Yes, I understood that. You mentioned it quickly, but the consolidation on the clinical side of the business is similar to what we've seen and actively participated in on the preclinical side. As you know, we have 12 different sites and about eight or nine acquisitions in the Safety business. That entire sector is closely linked with acquisitions and industry consolidation to enhance our scientific depth, capabilities, and geographic reach. You are observing and will continue to see the same trend in the clinical space. Now that it's started, I expect it to progress. I’m not sure where it will lead, but it could end up with two or three major players. Regarding what this means for us, we consistently monitor the clinical sector. We previously had a small clinical CDMO capability, which we divested due to its limited scale, but now we are re-entering through cell and gene therapy. So we have two major initiatives: one in the CDMO space and the other in the clinical space. We have tentatively stepped into the CDMO area and find it promising, particularly in cell therapy.
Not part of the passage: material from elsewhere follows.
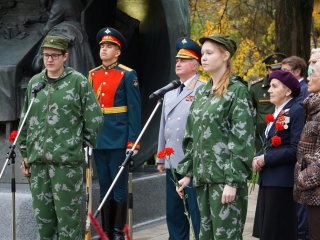 Торжественное открытие скульптурной композиции…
On the clinical side, we could also pursue that, but it doesn't seem there is client demand at this time, and I don’t think we should consider such a move unless clients express interest. The only company with both clinical and preclinical capabilities is Covance, and I believe that has not proven successful; clients do not tend to engage with them based on that offering nor enter contracts for comprehensive preclinical to clinical work, which takes years. We haven’t discussed collaborating with clinical CROs about integrated services in the past decade, nor has anyone ever approached me for partnership. While collaborating could enhance our share of client spending, clients currently don't seek that from us. Until that changes, I don’t see a reason for us to join forces with others who have clinical capabilities. However, I’ve learned never to rule out any possibilities entirely. I don’t know at what point client demand will shift to prefer one company or multiple companies for both services. If that occurs, we will consider it.

Well, that concludes the call today. Thank you for joining us on the conference call. We look forward to speaking with you during our upcoming investor events, including our virtual Investor Day on May 27. This concludes the conference call. Thank you.